Proposed changes: The EU, in particular the European Securities and Markets Authority (ESMA), has laid down rules to be followed when issuing credit ratings. In the future, credit rating agencies will have to comply with detailed rules on the content and format of their ratings. However, it is unlikely that these new rules will be used as the basis for tort claims. Indeed, an inaccurate rating most often results from a lacuna or fault during the rating process, not from issuance of the rating.

  • How should the reasonably prudent person standard be interpreted when it comes to credit rating agencies?

A number of criteria, relating to the methodology and independence of rating agencies, the avoidance of conflicts of interest, the disclosure and presentation of ratings, etc., can be used to define this standard. However, the underlying question remains how to prove that a rating agency did not act as a reasonably prudent person. Rating agencies are expected to use methodologies that are rigorous, systematic, continuous and subject to validation based on relevant past experience. Nonetheless, a rating agency could use another model, one that is not best suited to rate the debt in question. The methodologies used and the manner in which they are applied must be disclosed. In practice, however, the concrete application of these methodologies, the functioning of the computer program used, and the adjustments suggested by analysts are virtually impossible to know. If a tort is committed in the course of determining a rating, it will be almost impossible to prove, except in the case of gross negligence or wilful misconduct. The European Commission has concluded as much and confirmed in the preamble to its last proposal that the EU's aim is not to allow rating agencies to be sued for every wrongful act but rather to ensure that they can be held liable if they violate intentionally or with gross negligence any obligations imposed on them by Regulation (EC) No 1060/2009 and their acts impact the markets.

Proposed changes: The Commission proposes reversing the burden of proof insofar as wrongdoing or negligence by a rating agency is concerned. Therefore, once the proposed regulation enters into force, investors need only establish facts from which it can be inferred that a credit rating agency has acted wrongfully. It will then be up to the credit rating agency to prove that it did not commit the violation or that, if it did so, the violation had no impact on the issued credit rating.

(ii) Damage

Under Belgian law, in order to hold a party liable in tort, the damage must be certain and have been foreseeable at the time of the violation. Both criteria are problematic as far as credit rating agencies are concerned; however, the main difficulty will be proving damage that is certain, especially on the fast-moving financial markets. Indeed, this task will prove virtually impossible.

(iii) Causal link

Once a tortious act and damage have been proven, it is necessary to demonstrate a causal link between them. In this regard, a distinction should be made between two types of investors:

  • Institutional investors: some institutional investors, particularly under US law, are obliged to purchase only investment-grade securities or even AAA bonds.
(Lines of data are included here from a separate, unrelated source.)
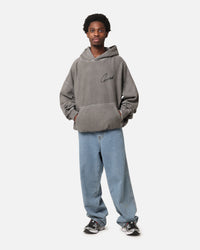 Carre Swifty Hoodie Washed Charcoal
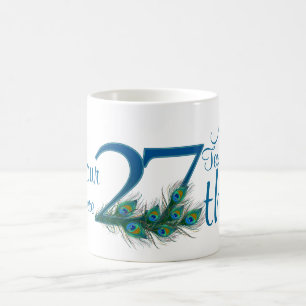 Mug # 27 - 27ème anniversaire de mariage ou 27ème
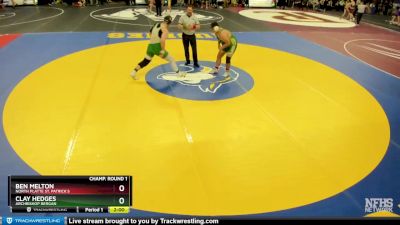 Champ. Round 1 - Clay Hedges, Archbishop Bergan vs Ben Melton, North Platte St. Patrick`s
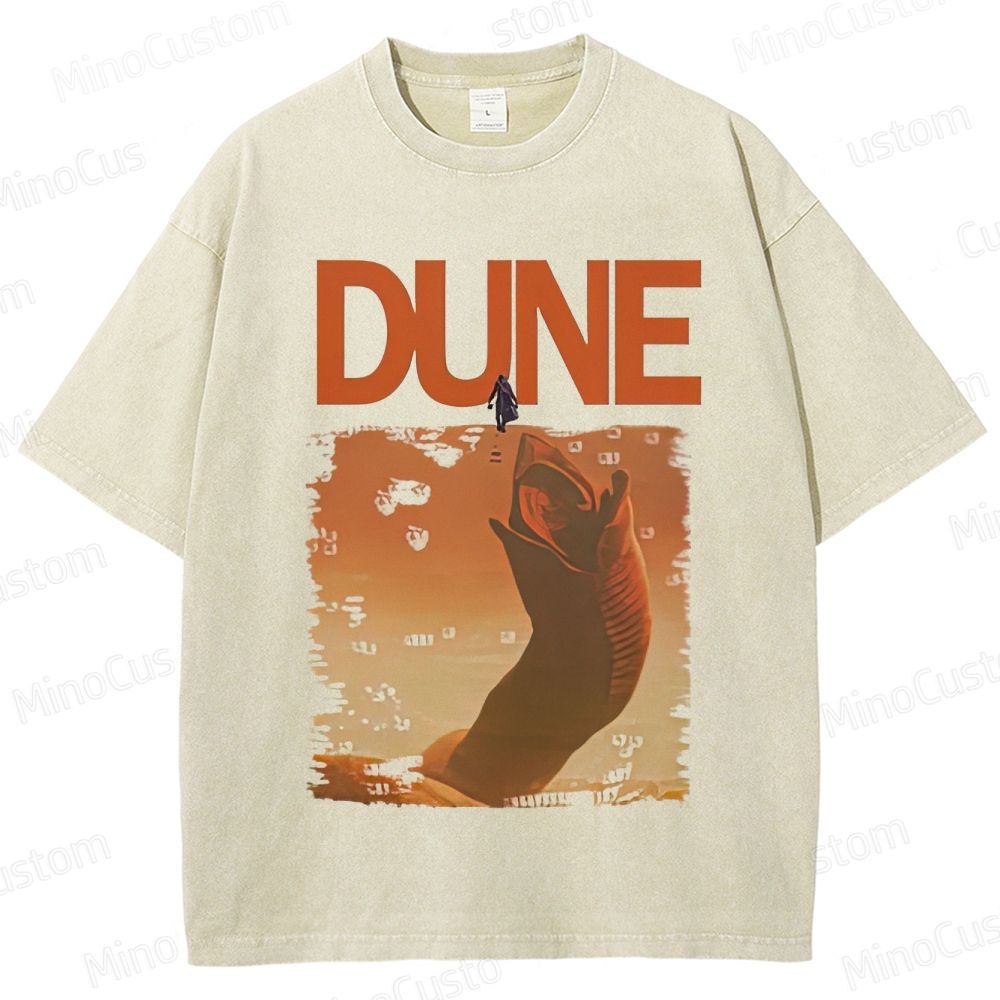 Dune Sandworm Graphic Washed T - Shirt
If the rating is inaccurate, it will be easier to prove a causal link since the investors had to purchase a certain type of bond;
  • Other investors: other than the highly hypothetical case in which the rating is the only information available on the market, it will be extremely difficult to establish a link between the mistake made in the rating and the damage suffered, as it is neither realistic nor reasonable for an investor to rely solely on the rating.

Conclusion

On paper, it would appear possible to hold credit rating agencies liable, at least when they disregard sound principles. In practice, however, there are many obstacles to doing so, as detailed above. However, there's no need to be overly pessimistic about the situation. Knowing they are now being strictly watched by the EU authorities and the Member States, it is hoped that credit rating agencies will strive to improve the quality of their work.

The content of this article is intended to provide a general guide to the subject matter. Specialist advice should be sought about your specific circumstances.